The band of survivors find themselves trapped on a wreckage-blocked freeway, and one of their number goes missing…

The much-anticpated second season of The Walking Dead kicks off in fine style with ‘What Lies Ahead’, coming as it does hot on the heels of rumours of budget cuts, behind-the-scenes troubles and the unseemly departure of acclaimed showrunner Frank Darabont. None of that seems to matter, given what’s on screen. This expanded opener—running at a little over an hour—piles on the tension and the gore in equal measure.

Laurie Holden, as former attorney Andrea who lost her sister at the end of the previous season, steals this episode, especially in her firecracker confrontation with Dale (Jeffrey DeMunn), the RV king. It’s an electrifying moment that shows, despite the shambling zombie threat and the copious grue, that this series is really all about character.

Given his loss of young Sophia (Madison Lintz) is the engine that drives this episode, Andrew Lincoln’s Rick makes little impact in this instalment, with the focus given over to best friend Shane (Jon Bernthal) and his relationship with Rick’s wife, Lori (Prison Break‘s Sarah Wayne Callies). It sounds soapy, but it’s working well amid all the zombie action.

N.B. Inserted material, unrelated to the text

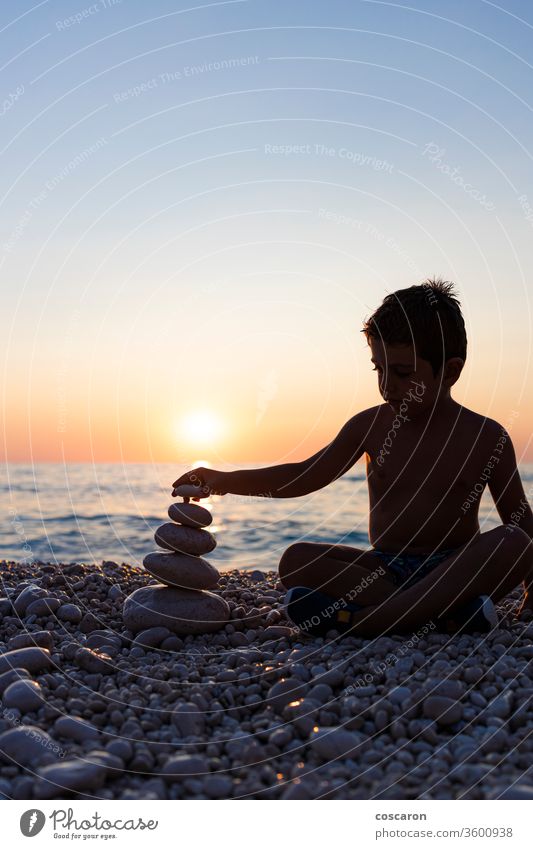 Kleines Kind spielt mit Steinen am Strand bei Sonnenuntergang Aktivität Hintergrund Gleichgewicht Ausgewogenheit schön Schönheit Junge Kindheit Textfreiraum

A tense set piece comes early in the episode when a ‘herd’ of the shambling undead make their way through the trapped convoy and everyone has to hide under the vehicles: it’s a genuinely tense sequence, with the threat increased when T-Dog (IronE SIngleton) slashes his arm with his blood likely to attract the predators. Also notable are the deliriously gruesome effects peppered through every zombie encounter…

The overall aim of the survivors seems to be to get to Fort Benning, but given how little forward progress was made in this episode that might be a long shot. Everything builds to a shocking climax: it was clear that Carl (Chandler Riggs) tagging along with dad on his excursion into the woods was a bad idea, the only question was what exactly would go wrong. Well…

Attentive viewers may have noted the screenplay credit for one ‘Ardeth Bey’, a character from 1932’s The Mummy. It’s also Frank Darabont’s pseudonym, combining the variant spellings from that film and the 1999 remake, fact fans.

Verdict: A great opener, deserving of the seven million plus audience it attracted.